War on Terrorism: Music Business Blues, Biohazard's Promise, Democracy Under Home Threat, Pacifism Vs War,

Author: Skruff
Friday, September 28, 2001
'No one can really answer the question yet. The result of the bomb is that artists may be afraid to fly and therefore won't be available for promotion and tours.'
The music business' future is uncertain, says Universal Music chief Jorgen Larsen (Music Week)

'(I hope that) Bush does not retaliate this act of violence with another act of violence.

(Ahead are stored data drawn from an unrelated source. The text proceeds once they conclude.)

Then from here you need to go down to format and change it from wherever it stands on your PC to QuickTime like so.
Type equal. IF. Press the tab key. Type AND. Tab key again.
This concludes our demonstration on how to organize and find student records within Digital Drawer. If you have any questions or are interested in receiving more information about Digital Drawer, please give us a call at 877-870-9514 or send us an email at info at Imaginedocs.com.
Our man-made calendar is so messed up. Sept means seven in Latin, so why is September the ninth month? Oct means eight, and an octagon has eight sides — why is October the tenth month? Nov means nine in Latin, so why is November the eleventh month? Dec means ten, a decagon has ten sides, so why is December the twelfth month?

Violence begets violence and I don't know about you, but I want to live a long and happy life and I want my kids to live a long and happy life.'
Madonna speaking at her LA gig (14th September)

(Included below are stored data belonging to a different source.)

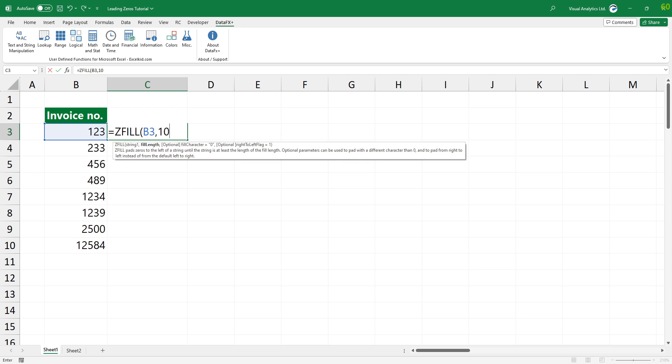Add the second argument, the length of the string that you want to return after adding leading zeros.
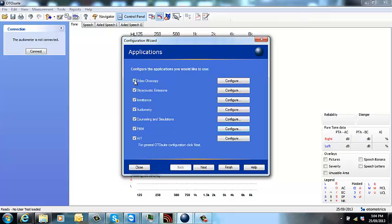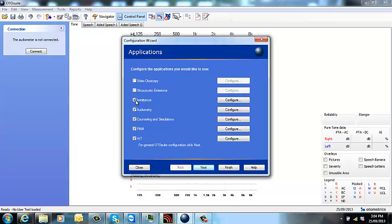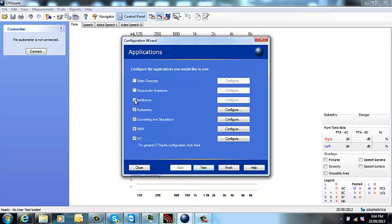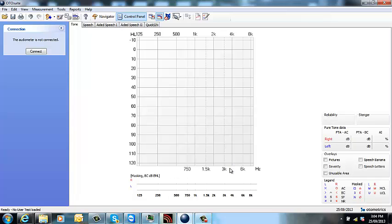Now if you don't have the video otoscope, Cappella, OtoPlex, you can untick these extras if you've just got the Oracle. You just want audiometry, counselling and simulations in PMM. And click finish.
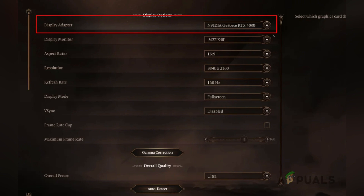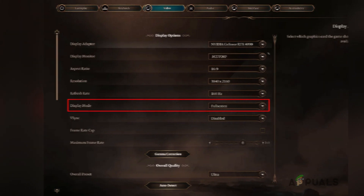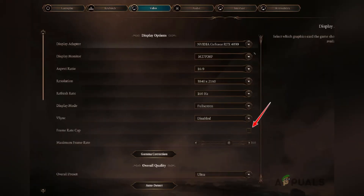Change the display mode to full screen and check the frame rate cap option and set the maximum FPS to 60. Adjust the overall preset to lower settings to reduce the graphical load and turn off anti-aliasing to further improve performance. Save and apply the changes, then restart the game to see if the issue persists.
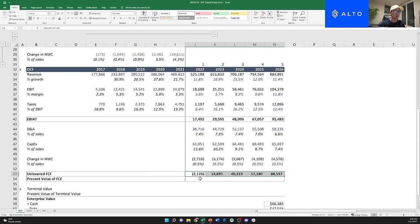That gives us a WACC of 7.82 percent. We'll use this later. Going through this in Excel hopefully helps clarify what percentage of equity and percentage of debt mean — it's simply your debt and equity values expressed as percentages of the total. The other inputs like beta and market risk premium are assumptions you pull from your databases.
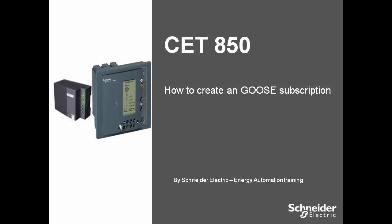In this video you will learn how to create a GOOSE subscription to the project we have created previously. We have one SEPAM80 relay configured to the project and it will subscribe to a GOOSE message from a BAMP relay. For any other relay the procedure will be the same.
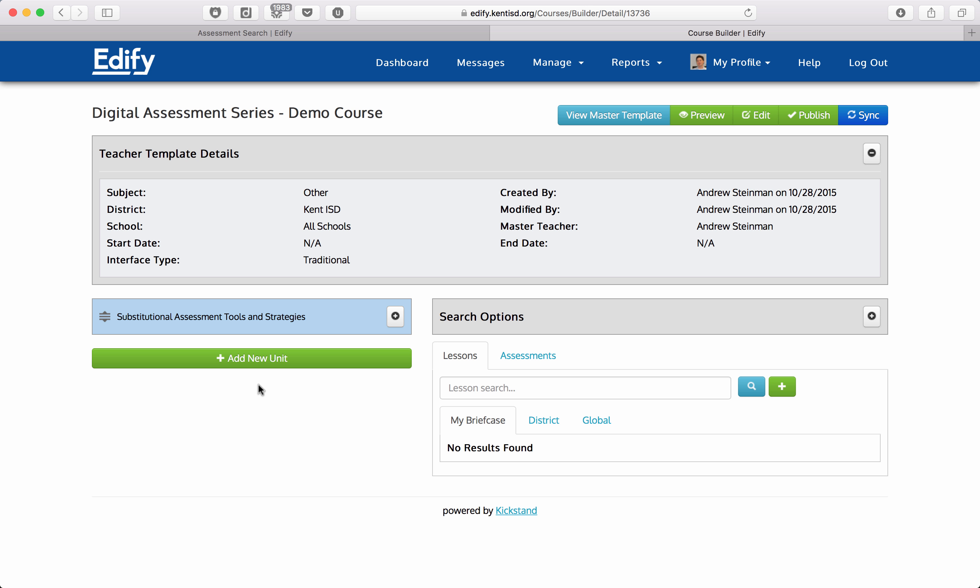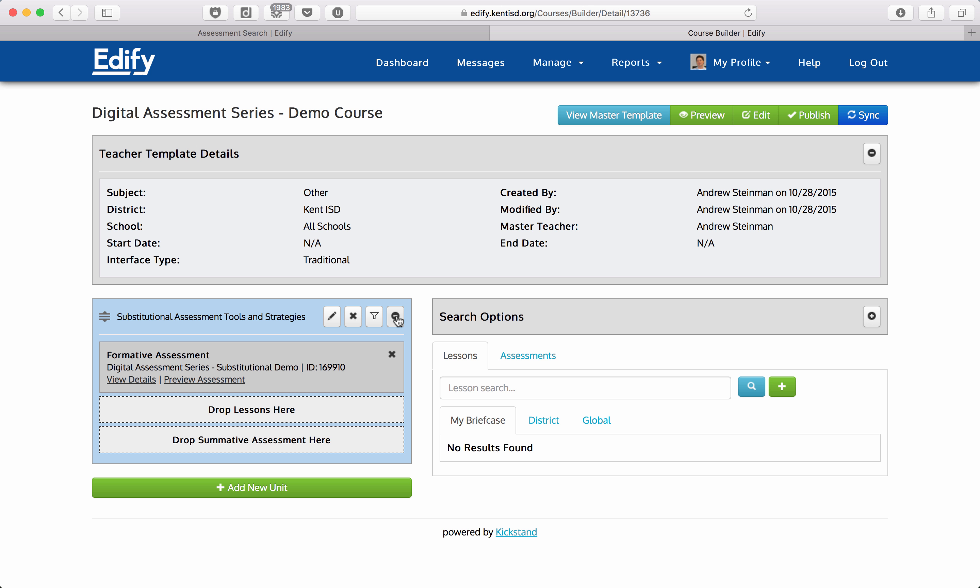In there you'll see all of your units listed. You can add new units and lessons, but here we want to add a unit assessment and we're going to do this under our substitutional assessment tools and strategies unit. I'm going to click on the plus sign to expand it.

'We are growing as a nation, but we still remain torn between retaliation and peace. It's a new era for our world and there's no looking back. We, as a society, a nation and a world, must move on and stand up against terrorism. Bowing down and living in a cave only gives 'them' a win, and we are not losers. We will be the last man standing.'
Billy Graziadei from Biohazard explains why the death metal band have re-instated their forthcoming European tour.

'We are fighting for tolerance and pluralism. But we are also fighting for freedom of speech and association. And remember: if this is war, then even in Western democracies, it is our own freedom that is under threat: not from any hostile agency, but from ourselves, or at least our own rulers.'
Boris Johnson, the editor of right wing British journal the Spectator warns 'we should beware of eroding our freedoms, when freedom is what we are supposed to be fighting for.' (Daily Telegraph)

'While there is an honourable minority tradition of pacifism, most on the left have recognised that at some historic moments, the only way to defend freedom and justice is to fight.' (The Guardian)

Former left wing 60s radical turned British Government Minister Peter Hain chooses war.

'Real security for US citizens on US soil, in an increasingly unstable age, will ultimately depend on deep, far-reaching change in the way the United States relates to the rest of the world' (San Francisco Bay Guardian)
San Francisco Bay Guardian chief Bruce Brugmann

'In these surreal times, there is one truth. Nothing justified the killing of innocent people in America last week and nothing justifies the killing of innocent people elsewhere.'
Anti war/ anti globalisation journalist John Pilger suggests more terror attacks will come unless 'real politics replaces the autocratic impositions of power'. (The Guardian)

'I was sitting at the piano one day playing this groove and it came out of nowhere because I was looking out of my window and there were tanks coming down the street. I just felt violated and I understood why people were rioting and burning down homes.'
Motown's most successful songwriter Lamont Dozier recalls the inspiration behind his Martha Reeves & The Vandellas' 1965 classic Nowhere To Run. (The Guardian)

'In his address to Congress Thursday, George Bush effectively declared permanent war; war without temporal or geographic limits; war without clear goals; war against a vaguely defined and constantly shifting enemy. Today it's Al-Qaida; tomorrow it may be Afghanistan; next year, it could be Iraq or Cuba or Chechnya.'
New York based writer, editor and activist Jacob Levich ( suggests that George Orwell's future (1984) has finally arrived (17 years late)

'Fascist Islam deserves no quarter. The enemy is palpable if not visible. There is wide understanding of the need for economic, political, intelligence and military collaboration to be ranged against him.'
The Guardian's Hugo Young backs military intervention.